Zero-Shot and Cross-Domain Transfer: Frameworks based on background-independent deviation metrics or feature-level compactness attain zero-shot transfer across modalities, realizing cross-domain anomaly detection in remote sensing and medical registration (Li et al., 2023, Liu et al., 30 Jul 2025).

5. Practical Implementations and Applications

UA-CMDet systems have been successfully applied in multiple domains:

Autonomous Driving: Sensor fusion (LiDAR + RGB), robust to weather and adversarial attacks, supports accurate and reliable planning (Meyer et al., 2019, Lou et al., 2023, Stutts et al., 2023).
Aerial and Remote Sensing: Drone-based cross-modal (RGB–infrared) vehicle detection with uncertainty-aware fusion and NMS for surveillance, traffic management, and disaster response (Sun et al., 2020).
Medical Imaging: Cross-modal image registration and segmentation, with models such as VoxelMorph and PAU explicitly quantifying alignment or retrieval uncertainty, critical for treatment planning (Liu et al., 30 Jul 2025, Li et al., 2023).
Cross-Language and Open-Vocabulary Classification: Vision-language detectors and feature matchers leverage uncertainty to improve zero-shot prediction and alignments in open set or noisy retrieval conditions (Wang et al., 2022, Li et al., 20 Mar 2025).
Industrial Inspection/Recognition in Data-Scarce Applications: Self-supervised cross-modality bootstrapping, where knowledge is transferred from 3D to 2D using a limited set of labeled samples (Mehboob et al., 5 Nov 2024).

6. Challenges, Limitations, and Future Research

Known challenges for UA-CMDet frameworks include:

Heterogeneous Noise Profiles: Modality-specific uncertainty must be carefully calibrated and sometimes harmonized for joint interpretation (Sun et al., 2020, Li et al., 20 Mar 2025).
Computational Overhead: Bayesian/dropout-based approaches or Monte Carlo sampling introduce runtime costs, which recent conformal inference and random network prediction proposals mitigate (Wang et al., 2022, Stutts et al., 2023).
Complexity of Uncertainty Fusion: Learning to map, aggregate, or adaptively fuse uncertainty across modalities with distinct scales and reliability remains a central modeling and practical obstacle (Lou et al., 2023).

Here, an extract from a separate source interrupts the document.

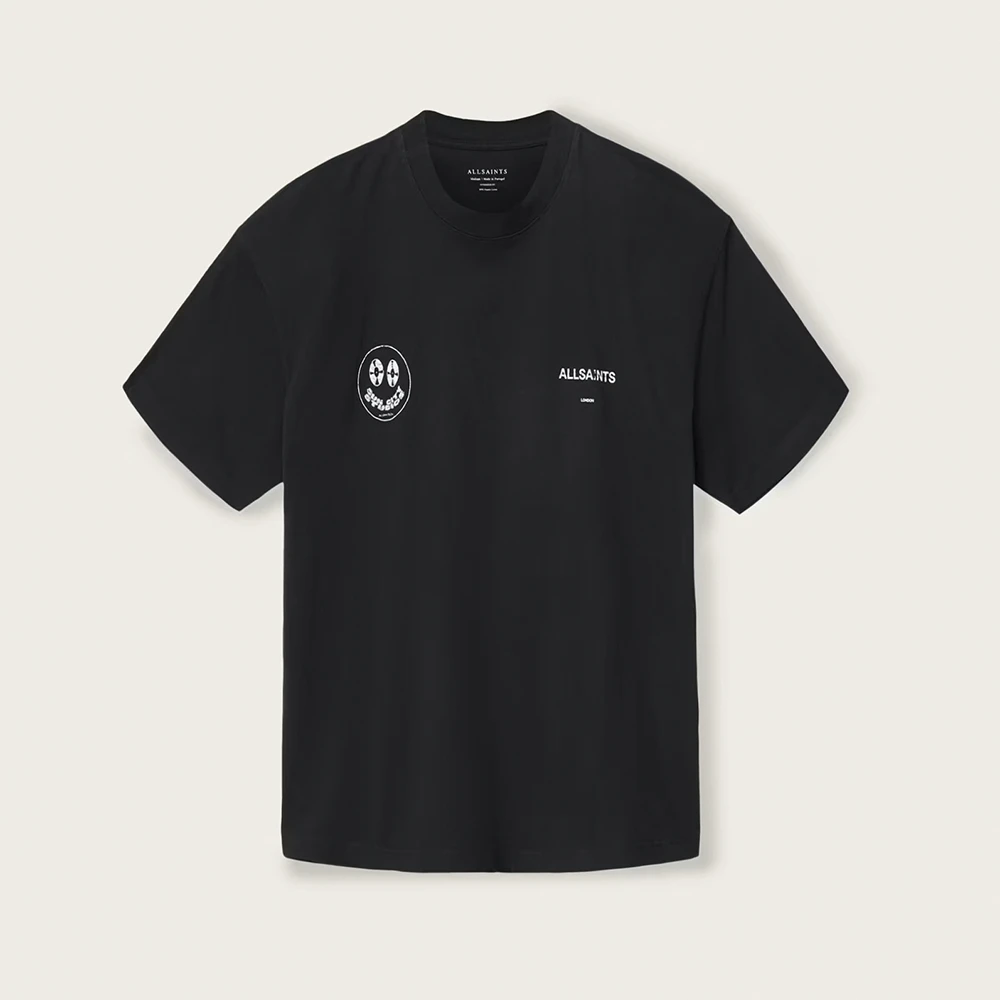 AllSaints Spinner Oversized Short Sleeve Graphic T-Shirt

Future research directions include exploring non-Gaussian uncertainty models (Qin et al., 21 May 2025), deeper self-supervised and semi-supervised cross-modal pipelines (Mehboob et al., 5 Nov 2024), improved fusion methods using graph or transformer attention (Shen et al., 2022, Liu et al., 30 Jul 2025), and broader deployment in real-time safety-critical settings. Model-agnostic frameworks for uncertainty quantification, such as Uncertainty-o, offer means to standardize uncertainty evaluation across evolving large multimodal architectures (Zhang et al., 9 Jun 2025).

7. Theoretical and Methodological Foundations

Theoretical motifs underlying UA-CMDet design include:

Input-Dependent Variational Inference: Direct modeling of input-dependent uncertainty distributions for attention mechanisms and outputs (Heo et al., 2018).
Energy-Based Rankings: Reformulating detection as a conditional probability (or energy) ranking between normal and anomalous features, enabling robust cross-domain anomaly detection (Li et al., 2023).
Prototype and Evidence-Based Uncertainty: DST-based frameworks that relate feature-prototype evidence variation to Dirichlet uncertainty, supporting more semantically structured uncertainty estimation in retrieval (Li et al., 2023).
Random Network Prediction for Feature Density: Using mismatches between learnable and fixed random network outputs as uncertainty surrogates (Wang et al., 2022).
Mutual Information and Conformal Calibration: Leveraging mutual information as a modulator of conformal intervals in multimodal 3D detection pipelines (Stutts et al., 2023).

A plausible implication is that UA-CMDet will continue to co-evolve with advances in uncertainty quantification and modality-aware representation learning, with increasing integration into open-world, data-scarce, and dynamically adaptive machine perception systems.